Nihonshu (sake, or rice wine to some) is making a comeback. After years of playing second fiddle to shochu, nihonshu is reclaiming its crown as the king of Japanese beverages. Now more than ever, there is a better range of quality sake available throughout Japan, and one third of all sake produced in the country is brewed right in our backyard in Nada, Kobe.
Kansai has always been one of the hubs of sake production but by the Edo period, Nada had firmly staked its place as the center of it all. Integral to this was the discovery of Nada’s miyamizu – the mineral-rich, hallowed water that flows from Rokko Mountain via six rivers to underground wells. It provides the ideal water for quick, robust fermentation; perfect for sake brewing. As well as the quality of the local water, Nada’s seaside location provided excellent access to ports, allowing the breweries to ship their sake quickly and efficiently to Edo (Tokyo) and its flourishing population. Nada’s reputation was firmly established and the region saw the rise of what would become some of the biggest sake breweries in the country. These days Nada still holds its place as Japan’s largest sake producer, and while there are many other equally interesting sake regions in the country, few are as accessible with such well-serviced cellar doors as Nada.

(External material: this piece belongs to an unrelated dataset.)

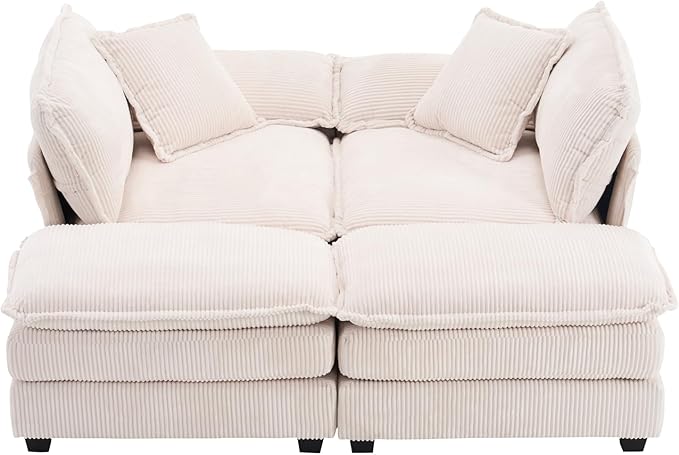 Modular Loveseat Sectional Sofa, 84.6" Corduroy Comfy Sectional Couches for Living Room, 3-Seater Cloud Couches with Movable Ottomans, Flexible Combination Modern Deep Seat Sofa | Thickness Cushions, Solid Wood Frame, Pillow-top Armrest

For a simple day trip, start at Hanshin Uozaki Station. From here it’s a mere seven-minute walk to Hamafukutsuru Ginjo Kobo. In terms of production, Hamafukutsuru is actually quite small but the cellar door is well setup with lots of sake-related snacks and condiments, including their softserve ice cream made with daiginjo sake. Head upstairs for bilingual audio and video explanations of the brewing process as well as peek through the windows into the brewery itself to see some of the action. Free tastings of most of their range (including fruit infused sake such as yuzu and honey and lemon) are available, but if you’d like to settle in you can sidle up to the bar and try a flight of three of their premium sake for ¥600 (add some nibbles for ¥300). Of note is their Limousin sake liqueur aged in French oak brandy barrels. Rich and sweet, the vanillin aromas from the oak provide an interesting contrast to familiar sake flavors.

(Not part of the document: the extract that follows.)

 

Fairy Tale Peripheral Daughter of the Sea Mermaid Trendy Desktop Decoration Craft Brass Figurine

From there, a 200-meter stroll will get you to Sakura Masamune, the aforementioned discoverer of Nada’s famed miyamizu. There aren’t a lot of places to eat in Nada so this is a good spot to grab a quick meal either in their cafe, or upstairs where you can treat yourself to some serious crab cuisine. There is even a bar, Sanbaiya, open from 5pm if you just want to have a few drinks. Also upstairs is a small museum of old brewing tools and aged bottles. While up there, have a commemorative bottle made with your photo on the label for ¥260 (plus cost of sake)
A further five-minute walk will bring you to Kiku Masamune. Founded in 1659, Kiku Masamune is as rich in history as it is in producing fine sake. The rather cute gardens at the entrance lead into a very detailed museum, again complete with multilingual video explanations. On the second floor is a sealed room containing sake-related paraphernalia, tools, and serving apparatuses that have been declared National Heritage artefacts. There is sake tasting downstairs in the gift shop. Keep an eye out for their kimoto range. Kimoto is the traditional, labour-intensive style of brewing. The method brings out a bolder, fullbodied character which is in line with their goal of producing food-friendly, dry sake.
Save the biggest for last. Hakutsuru is the largest sake brand in the country. Their TV commercials are well-known and their sake ubiquitous in convenience stores and supermarkets throughout Japan. But while they do make plenty of cheap (read: consumer-friendly) sake styles, they also produce premium sake of exceptional quality. A visit to the Hakutsuru brewery provides possibly the most in-depth analysis and explanation of sake brewing history and production. The eerily life-like mannequins scattered throughout the museum help to illustrate the different stages of sake production, and the English audio explanations at each station are very thorough. Access to the actual brewery is generally not provided except for the first week of October when they throw the doors open for World Sake Day (October 1st). Again, sake tasting is available as well as samples of many types of sake-related cosmetics. Rice powder, nuka, is a popular ingredient in many cosmetics such as moisturizers and creams for soft skin. If you ever catch a glimpse of the hands of a sake brewer, you’ll understand why they appear so soft and smooth.
Once you’ve had your fill, it’s just another 10-minute walk back up to Sumiyoshi Station. The local council has kindly scattered bilingual maps of the Nada sake brewery area around the town and at the six stations that cover the area so it’s difficult to get lost. Just remember to leave the car at home!